Re: [PATCH] x86: enable HAVE_LD_DEAD_CODE_DATA_ELIMINATION

From: Nathan Chancellor
Date: Mon Apr 22 2024 - 15:24:56 EST


Hi Yuntao,

Just a drive by review since I saw this patch via another CC in my
inbox, I would wait for x86 maintainer thoughts before sending a v2.
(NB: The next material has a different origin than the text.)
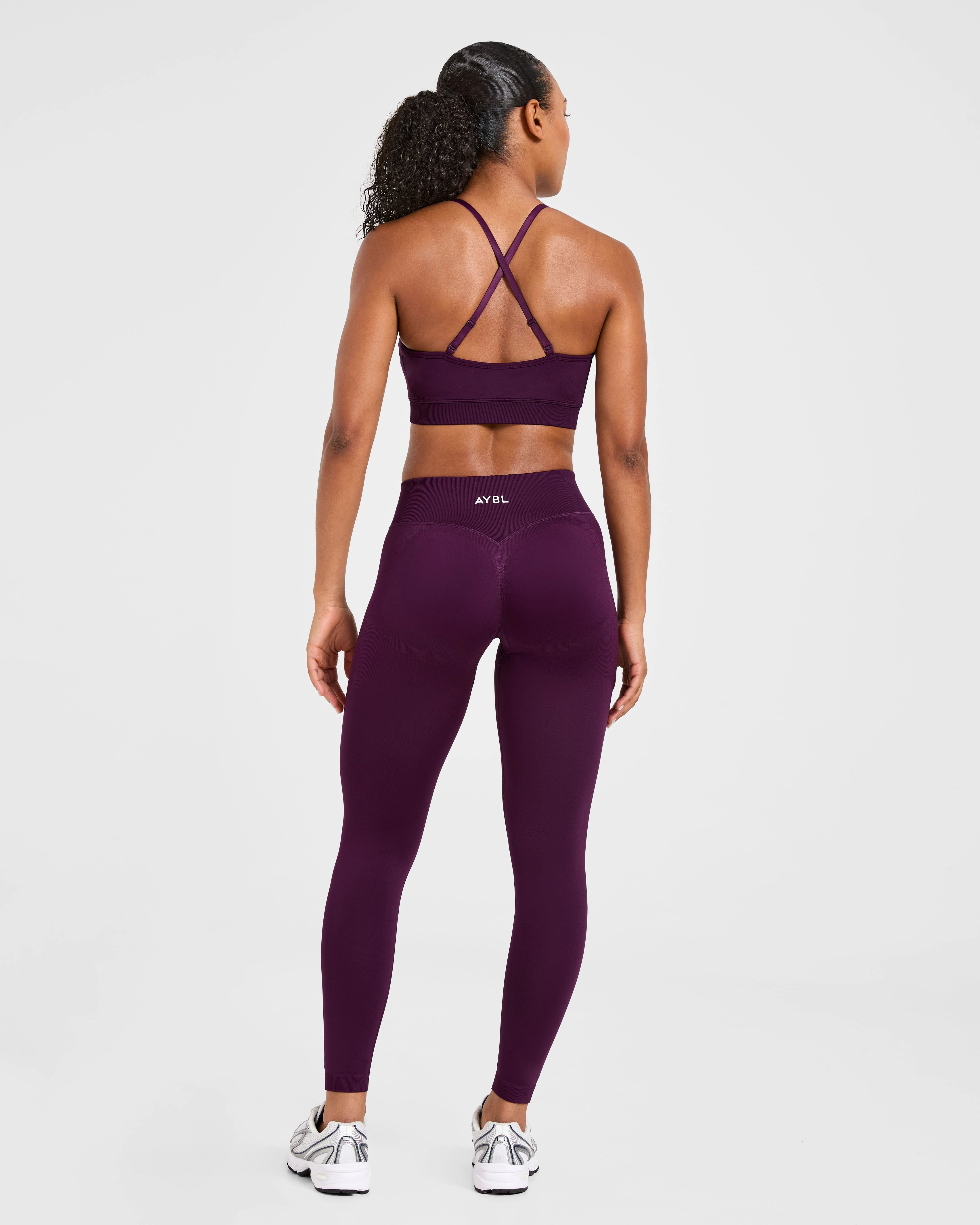 Adapt Seamless Sports Bra - Midnight Plum - Image 4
On Mon, Apr 22, 2024 at 06:05:56AM +0000, Yuntao Liu wrote:
> The current x86 architecture does not yet support the
> HAVE_LD_DEAD_CODE_DATA_ELIMINATION feature. x86 is widely used in
> embedded scenarios, and enabling this feature would be beneficial for
> reducing the size of the kernel image.
>
> In order to make this work, we keep the necessary tables by annotating
> them with KEEP, also it requires further changes to linker script to KEEP
> some tables and wildcard compiler generated sections into the right place.
>
> Enabling CONFIG_UNWINDER_ORC or CONFIG_MITIGATION_RETPOLINE will enable
> the objtool's --orc and --retpoline parameters, which will alter the
> layout of the binary file, thereby preventing gc-sections from functioning
> properly. Therefore, HAVE_LD_DEAD_CODE_DATA_ELIMINATION should only be
> selected when they are not enabled.
>
> Enabling CONFIG_LTO_CLANG or CONFIG_X86_KERNEL_IBT will use vmlinux.o
> instead of performing the slow LTO link again. This can also prevent
> gc-sections from functioning properly. Therefore, using this optimization
> when CONFIG_LD_DEAD_CODE_DATA_ELIMINATION is not enabled.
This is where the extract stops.